Homer’s “Odyssey” begins with an invocation of the Muse to tell of “the man of many devices who wandered full many ways.” In his wanderings, both literally and in the imagination, Nayan Chanda has been an unusually perceptive observer of globalization. He has had personal contact with the political, economic and human implications of global shifts, as a witness to the inglorious end of the American presence in Vietnam, as editor of the unusually perceptive and much missed “Far Eastern Economic Review” and also of the “Asian Wall Street Journal Weekly,” and these last six years as a wise presence at Yale.

There are plenty of books out there about globalization, but “Bound Together” is unusual in that it integrates the author’s experiences with the impersonal trends under discussion. An even rarer quality is that the book avoids the breathless and reductionist enthusiasm of so much of the literature on globalization, a subject that, like the coming digital age, attracts a lot of dubious futurology.

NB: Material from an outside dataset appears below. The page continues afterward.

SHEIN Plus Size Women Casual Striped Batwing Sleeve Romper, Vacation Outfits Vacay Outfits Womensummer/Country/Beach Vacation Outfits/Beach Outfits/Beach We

Chanda is at home in the far-flung locales that are at the cutting edge of the global network, notably China and India, but he is also a keen student of everyday phenomena in the US. The opinions of his New Haven electrician about globalization and the Brazilian rainforest, for example, introduce the text and so reveal to the reader what unifies a series of fascinating particular observations: the role of ordinary people in tying the world together, and how the consequences of this integration are felt and perceived by ordinary people. Behind the heroic figures of explorers and entrepreneurs, there are immigrants, missionaries and even those who have stayed home to participate nonetheless in transforming the way humanity lives.

Rather than seeing globalization as something new and startling, like the computer, that has had an unpredictable impact on everyday life, Chanda shows the reader that globalization has a long history. The medieval European love of spices or the Arab enthusiasm for porcelain and perfume created economic links across oceans and deserts that caused immense political and social changes. The Central Asian Silk Route provided a vehicle for the spread of Buddhism, Manichaeism and ultimately the triumph of Islam. A growing appetite for sugar in the 17th and 18th centuries led to the transformation of the Caribbean islands and the establishment of the transatlantic slave trade.

The deep background for contemporary interconnectedness demonstrates the inevitability of globalization. The ongoing reshaping of the world can be managed to some extent, but the profound chronological context of exchange proves the folly of thinking that it can be resisted. Chanda’s take on the inexorable nature of globalization is not just the unreflective assumption that what is happening now can be projected into the future, nor is he a cheerleader for the profitable consequences of increasing integration. He knows that the acceleration of global exchanges does not necessarily mean tolerance, health or economic benefit for all.

The book reaches back to the first desert caravans and right up to the present moment, but chronology does not provide the outline for orienting the work. Rather, “Bound Together” is organized by chapters on different kinds of global interactions within which ancient and medieval and modern examples jostle to demonstrate not merely the relevance of the former but to reveal a pattern of how ideas as well as commodities change our lives. The impact of religious doctrine (preachers) is given a chapter, as is the better-known significance of commerce (traders). A chapter on the ambitions of empires (warriors) moves from the Mongols to the laying of the first transatlantic cable in Victoria’s reign. A previous section on travel and immigration begins with the Spanish voyages of 1492 and ends with the current immigration of Africans to Europe. The last part of the book is more forward looking, arguing that globalization is “here to stay,” acknowledging that it has aroused opposition, and concluding that the future is both promising and threatening.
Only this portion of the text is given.